I’ll be blunt: I LOVE HISTORY AND I LOVE HISTORY NOVELS. So needless to say the Alternative History genre sets my heart a buzzing. THe idea of “what if” is such an interesting and sometimes frightening concept that it really should be explored more in literature. Harry Turtledove is one of the biggest personalities in this genre. With a doctorate in Byzantine History and having been a professor of history for much of his adult life it is easy to tell that he knows his stuff. He is also well know for his numerous fantasy stories. Atlantis and Other Places is a book of his short stories, twelve in all, that give a nice overview of the types of stories he is known for. Three of the stories in the book stand out to me.

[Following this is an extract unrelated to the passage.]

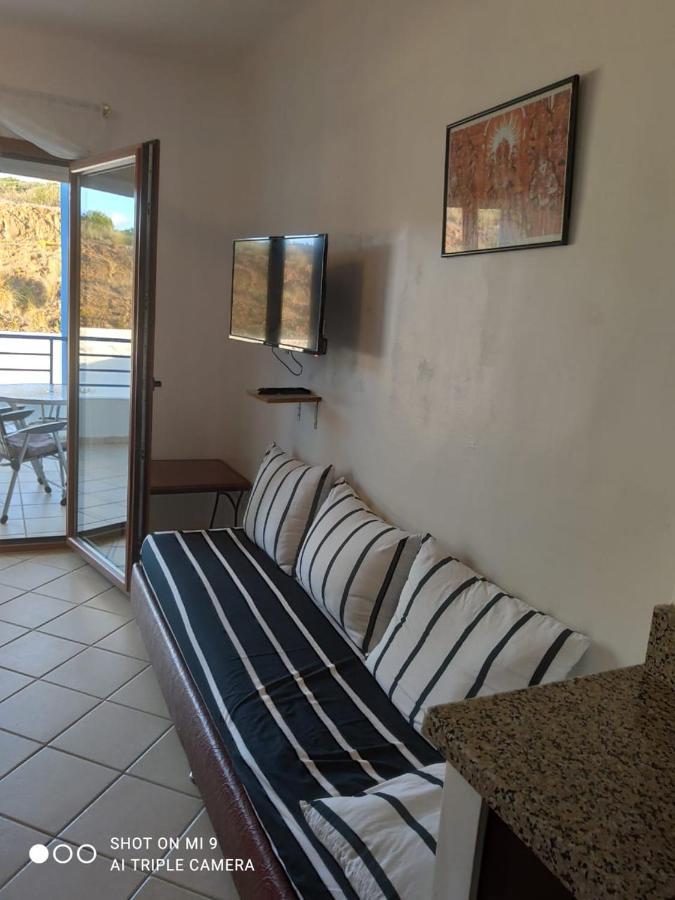 Studio Avec Piscine Et Wifi A Cabonegro กาโบเนโกร ภายนอก รูปภาพ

The first was the short storie The Daimon. Its main character is the celebrated philosopher Sokrates. In this story he helps in the war against Sicilian City-States for his native Athens. He influences the supremem commander of the Athenian forces who goes on to win in Sicily and ends up invading Sparta on the way home. After beating Sparta the general goes on to make Athens a dictatorship again and to found an earlier Greek Empire long before the rise of Macedonia. Sokrates goes on to become a martyr for democracy being killed by the general for standing up to his obvious dictatorial ambitions.
The second story that stands out to me us the story entitled Occupation Duty. This story imagines what the modern world would look like if Goliath had actually beaten David in that biblical battle we all know so well. Because of his victory the Philistines never died out and became the dominant force in what we know as Israel. They, much like the Israel we know today, is going through the occupation of Gaza and the West Bank. They’re hated by the occupied, a Jewish race that we would not recognize. While they are just as modern as can be expected from an occupied people they have a more primitive form of the Jewish Faith. The scenes of APCs and Novogrodian (Russian) machine guns that the occupied use are all very recognizable to us today. It begs the question of if the situation in Israel where under different circumstances would it be any different?

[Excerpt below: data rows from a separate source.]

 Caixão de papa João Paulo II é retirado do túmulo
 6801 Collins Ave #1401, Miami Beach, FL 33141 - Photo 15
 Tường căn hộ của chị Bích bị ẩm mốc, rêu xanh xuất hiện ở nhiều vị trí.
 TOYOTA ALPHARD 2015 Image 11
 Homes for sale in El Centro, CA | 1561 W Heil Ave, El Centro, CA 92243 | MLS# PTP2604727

The third story is a wonderful fantasy story. The Horse of Bronze takes us to an Earth that is easily recognizable despite the changed names of places (England is called the Tin Island) and the “people” who inhabit them. THe main characters are a group of Centaurs from Greece, who in their war against the Sphinxes of Egypt must find a new source of tin to make stronger metals for their weapons. In this world the regions we know today are inhabited by creatures from that regions’s mythology rather than men. Romania has vampires and the islands of the Mediterranean are inhabited by fawns and saytrs. Eventually our group of centaurs make it to “the Tin Island” only to find it deserted of it’s original inhabitants, strange mole like creatures called Nuggies. Eventually They come across Stonehedge and the humans who built it. This leads to a rather unfortunate result.This books was a pleasure to read and I highly recommend it. the other stories are just as good as the three I mentioned above, but I felt that these three needed special attention. If you enjoy a mixture of fantasy and history I am more than certain that you will enjoy this book.